Cardinal arithmetic basics

Question

Let's say we have $\omega + \omega$. Since these sets are not disjoint we can replace them by disjoint sets of the same cardinality, namely $\omega \times \{0\}$ and $\omega \times \{1\}$.

Then $\big | \omega \times \{0\} \big| + \big | \omega \times \{1\}\big | = \big | \omega \times \{0\} \cup \omega \times \{1\}\big |$.

I really do not understand what the point of this is since I feel like the end result would still be $\omega + \omega$.

I would appreciate a concrete example of cardinal arithmetic.

Answer 1

Let me write $\aleph_0$ instead of $\omega$ because it makes sure there is no confusion between ordinal and cardinal arithmetic.

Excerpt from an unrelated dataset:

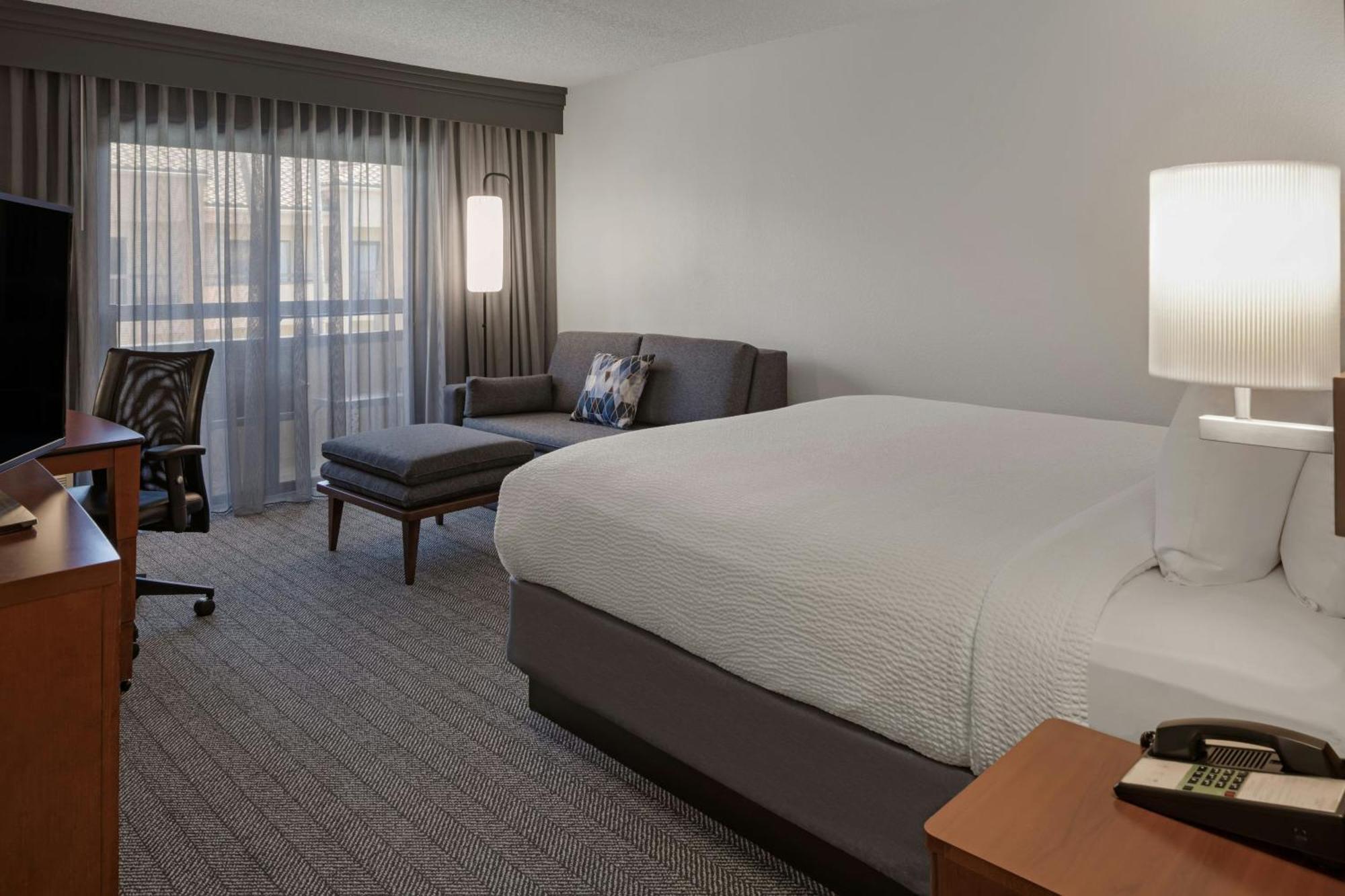 מלון Courtyard Anaheim בואנה פארק מראה חיצוני תמונה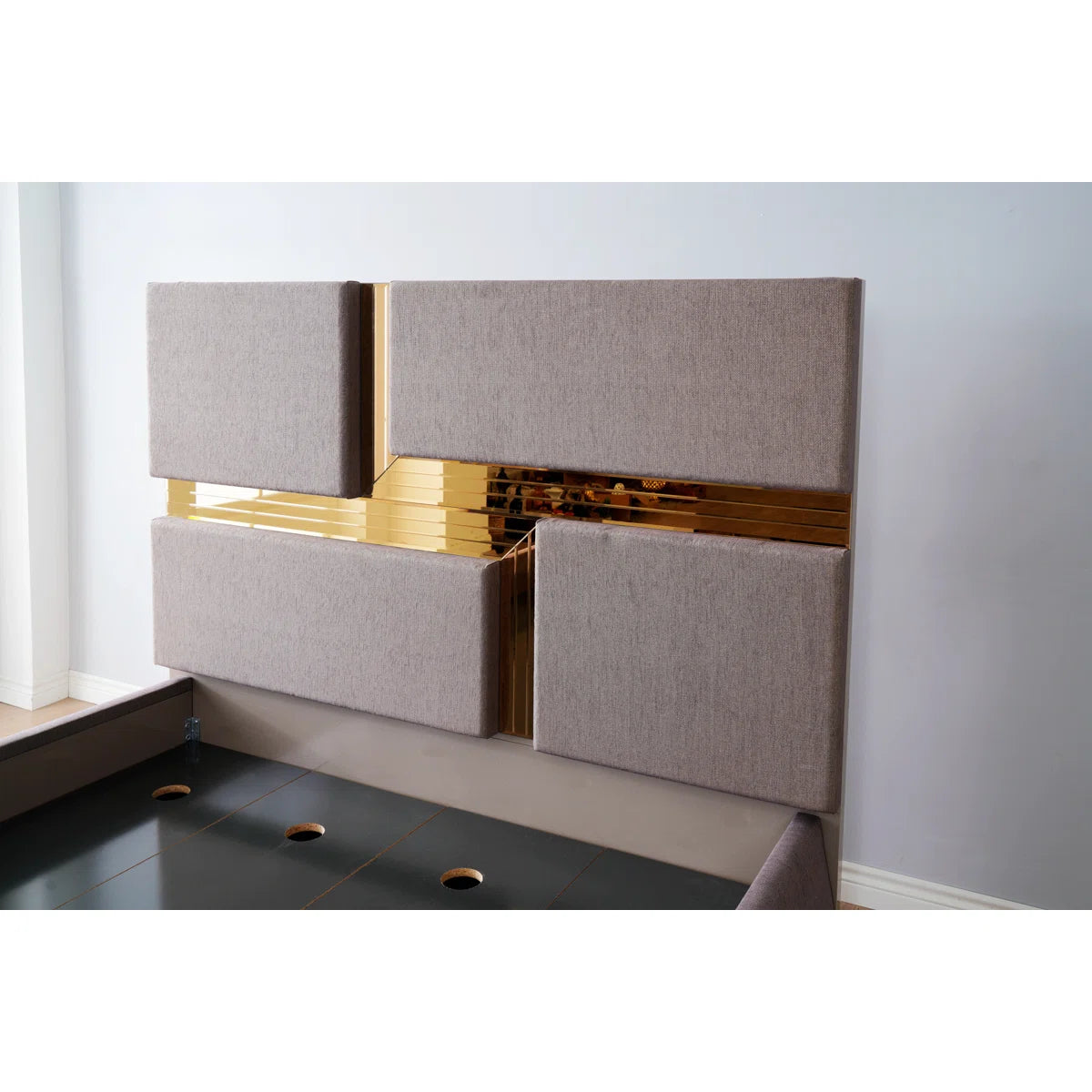 Lavilla Turkish Bed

Your calculation is correct. $\aleph_0+\aleph_0=\aleph_0+\aleph_0$. But note that $\aleph_0+\aleph_0$ is not a cardinal itself. The point of cardinal arithmetic is to try and simplify the result so you will have a cardinal. Sometimes we have to involve exponentiation, in which case it is sometimes have to remain "open" (e.g. $2^{\aleph_0}\cdot\aleph_2$ cannot be simplified further without assumptions on the continuum); but at least for addition we want, and can, simplify the result as much as possible.

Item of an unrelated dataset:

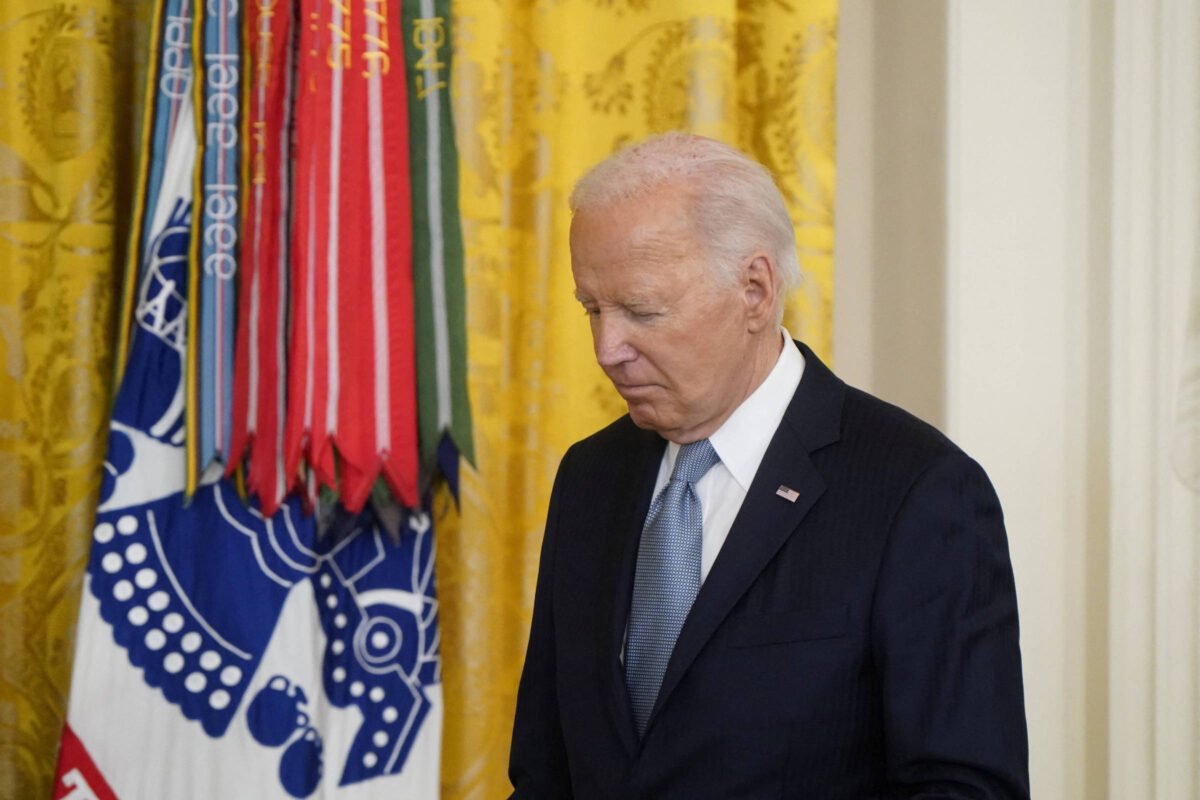 Biden diz que fica na campanha, mas erosão é evidente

The point is that $\aleph_0+\aleph_0=\aleph_0$. So $|\omega|+|\omega|=|\omega|$. To prove this you need to show that there is a bijection between $\omega\times\{0\}\cup\omega\times\{1\}=\omega\times2$ and $\omega$ itself. This has to be done "at the low level", at least for the first couple of times.

But after you've proved all sort of basic theorems about cardinal arithmetics, then you can go ahead and prove something of the following flavor: $|\Bbb R^\Bbb N|=|\Bbb R|$:

$$\left(2^{\aleph_0}\right)^{\aleph_0}=2^{\aleph_0\cdot\aleph_0}=2^{\aleph_0}$$

And all that without using a single explicit bijection.

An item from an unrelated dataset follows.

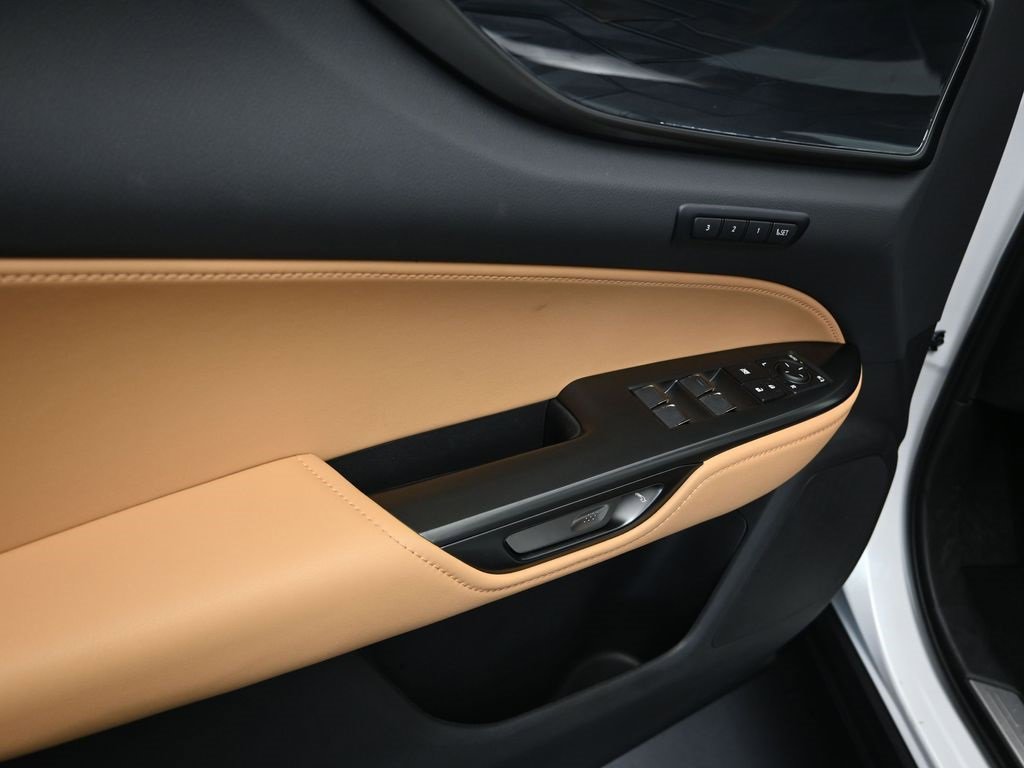 Certified 2025 Lexus NX 350 AWD w/ Accessory Package (2T) image 11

Here is another example (taken from my answer here).

Suppose that $E$ is an equivalence relation on $\Bbb R$ such that every equivalence class is (at most) countable, then $|\Bbb R/E|=|\Bbb R|$ (that is, there are $2^{\aleph_0}$ equivalence classes).

Let $\{R_i\mid i\in I\}$ be the set $\Bbb R/E$ (where $I$ is such index set that each $R_i$ is distinct). Then we have: $$2^{\aleph_0}=|\Bbb R|=|\bigcup\{R_i\mid i\in I\}|=\sum_{i\in I}|R_i|=|I|\cdot\sup\{|R_i|\mid i\in I\}=|I|\cdot\aleph_0=|I|$$

(We assume here that there exists an infinite equivalence class, or at least that the sizes of the equivalence classes are unboundedly finite; if they are, replace the last $\aleph_0$ by their upper bound, the result is the same.)

And all that without appealing to concrete bijections, injections or surjections. (Although we do appeal to the axiom of choice, twice.)